BRIDGEPORT — The name Lights Over Bridgeport was thought up during a ballgame at The Cell. But the concept for the four-piece punk act’s music was formed long before that, in concert halls and raucous festivals.
“We all grew up on punk rock and went to punk rock shows, everything from The Descendents to Social Distortion to Face to Face. But we really listen to a lot of different kinds of music…I think sometimes the energy from metal comes across in our music,” said John Hamlin, the band’s founding member, vocalist and guitar player.
Now the band is aiming for a chance to play on the biggest stage of their music careers with a spot at this summer’s Warped Tour. To get the gig, they’ll have to win a Battle of the Bands contest that relies heavily on social media buzz.
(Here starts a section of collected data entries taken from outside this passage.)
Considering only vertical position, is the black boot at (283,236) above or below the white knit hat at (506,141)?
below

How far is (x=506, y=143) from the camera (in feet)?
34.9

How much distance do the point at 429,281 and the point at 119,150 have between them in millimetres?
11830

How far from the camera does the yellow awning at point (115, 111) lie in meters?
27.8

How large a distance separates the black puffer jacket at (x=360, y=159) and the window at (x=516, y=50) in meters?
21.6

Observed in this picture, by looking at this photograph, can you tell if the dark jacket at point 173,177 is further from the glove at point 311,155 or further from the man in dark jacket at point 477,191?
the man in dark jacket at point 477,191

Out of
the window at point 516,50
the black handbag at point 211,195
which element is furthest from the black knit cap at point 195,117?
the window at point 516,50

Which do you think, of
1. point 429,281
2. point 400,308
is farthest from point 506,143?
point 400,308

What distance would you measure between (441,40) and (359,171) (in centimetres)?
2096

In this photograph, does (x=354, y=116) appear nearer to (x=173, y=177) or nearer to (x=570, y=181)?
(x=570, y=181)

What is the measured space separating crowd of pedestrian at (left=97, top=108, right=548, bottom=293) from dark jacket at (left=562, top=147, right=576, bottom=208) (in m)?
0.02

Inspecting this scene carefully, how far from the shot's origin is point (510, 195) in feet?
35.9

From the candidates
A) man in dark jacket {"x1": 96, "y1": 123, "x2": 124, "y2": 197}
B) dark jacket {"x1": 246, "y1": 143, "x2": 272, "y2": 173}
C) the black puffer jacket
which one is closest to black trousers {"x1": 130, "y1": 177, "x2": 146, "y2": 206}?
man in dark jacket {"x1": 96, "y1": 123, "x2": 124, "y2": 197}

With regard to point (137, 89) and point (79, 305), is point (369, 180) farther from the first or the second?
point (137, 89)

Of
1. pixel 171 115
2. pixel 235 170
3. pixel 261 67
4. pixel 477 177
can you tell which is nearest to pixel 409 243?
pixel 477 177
The band is one of several acts on the Stay Posi Records label, which takes on artists who “promote positivity and well being in our music and everyday lives.”
It’s an ethos that Hamlin, 30, said the band has adopted in recent years. Gone are most of the members from the group’s original 2001 lineup, and with them the former group's "aimless and directionless" attitude about making it big.
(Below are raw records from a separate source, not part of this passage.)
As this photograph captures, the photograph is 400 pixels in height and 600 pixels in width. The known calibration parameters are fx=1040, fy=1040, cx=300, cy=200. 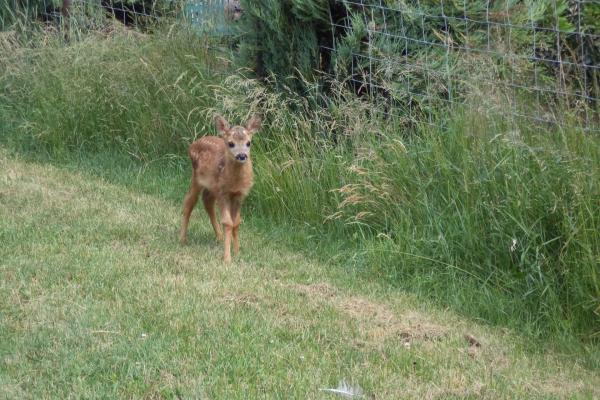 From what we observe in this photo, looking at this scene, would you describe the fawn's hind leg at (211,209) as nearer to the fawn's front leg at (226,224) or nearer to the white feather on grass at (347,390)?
the fawn's front leg at (226,224)

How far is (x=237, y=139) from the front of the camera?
8.05 meters

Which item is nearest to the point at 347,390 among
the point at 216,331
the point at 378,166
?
the point at 216,331

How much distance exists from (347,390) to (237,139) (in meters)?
3.00

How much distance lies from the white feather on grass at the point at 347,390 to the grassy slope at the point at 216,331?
0.07 m

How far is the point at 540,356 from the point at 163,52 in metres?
6.11

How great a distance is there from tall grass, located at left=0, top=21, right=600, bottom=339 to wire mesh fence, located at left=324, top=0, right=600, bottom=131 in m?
0.23

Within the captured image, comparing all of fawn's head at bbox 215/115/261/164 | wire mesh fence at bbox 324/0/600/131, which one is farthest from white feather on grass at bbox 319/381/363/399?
wire mesh fence at bbox 324/0/600/131

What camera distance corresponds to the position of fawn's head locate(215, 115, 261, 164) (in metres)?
7.99

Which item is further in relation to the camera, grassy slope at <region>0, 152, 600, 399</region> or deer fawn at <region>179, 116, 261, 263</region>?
deer fawn at <region>179, 116, 261, 263</region>

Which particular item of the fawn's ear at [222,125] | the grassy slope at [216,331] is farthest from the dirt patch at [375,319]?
the fawn's ear at [222,125]

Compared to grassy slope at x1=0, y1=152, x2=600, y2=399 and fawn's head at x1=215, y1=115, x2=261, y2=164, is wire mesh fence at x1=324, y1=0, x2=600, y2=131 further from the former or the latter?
grassy slope at x1=0, y1=152, x2=600, y2=399

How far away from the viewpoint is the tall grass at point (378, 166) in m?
6.89

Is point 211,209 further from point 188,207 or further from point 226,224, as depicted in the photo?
point 226,224

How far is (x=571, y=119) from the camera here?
728 cm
The current iteration of the band — which has released an album, an EP and their latest track, “Michigan Song” — is grown up now, a little more focused since coming together in 2006. They expect to release a new EP this summer.
“We’ve really kind of taken ‘stay positive’ as a challenge to ourselves and reach as many people as we can with our music,” Hamlin said.
About that band name: Only one band member, guitarist Miko Ramirez, lives in Bridgeport. Hamlin, drummer Kevin Jamroz and bassist Kurt Miller all reside in Hammond, Ind.
But Hamlin is the son of a late truck driver and hardware store owner who prided himself on blue-collar work and his native Roseland and Calumet Park neighborhoods.
"The South Side gets overlooked," Hamlin said. "My dad had this friendly chip on his shoulder about it and that's how I grew up. So when I was looking for something to name the band, I was attracted to that whole aspect ... about being working class, the underdog and overlooked."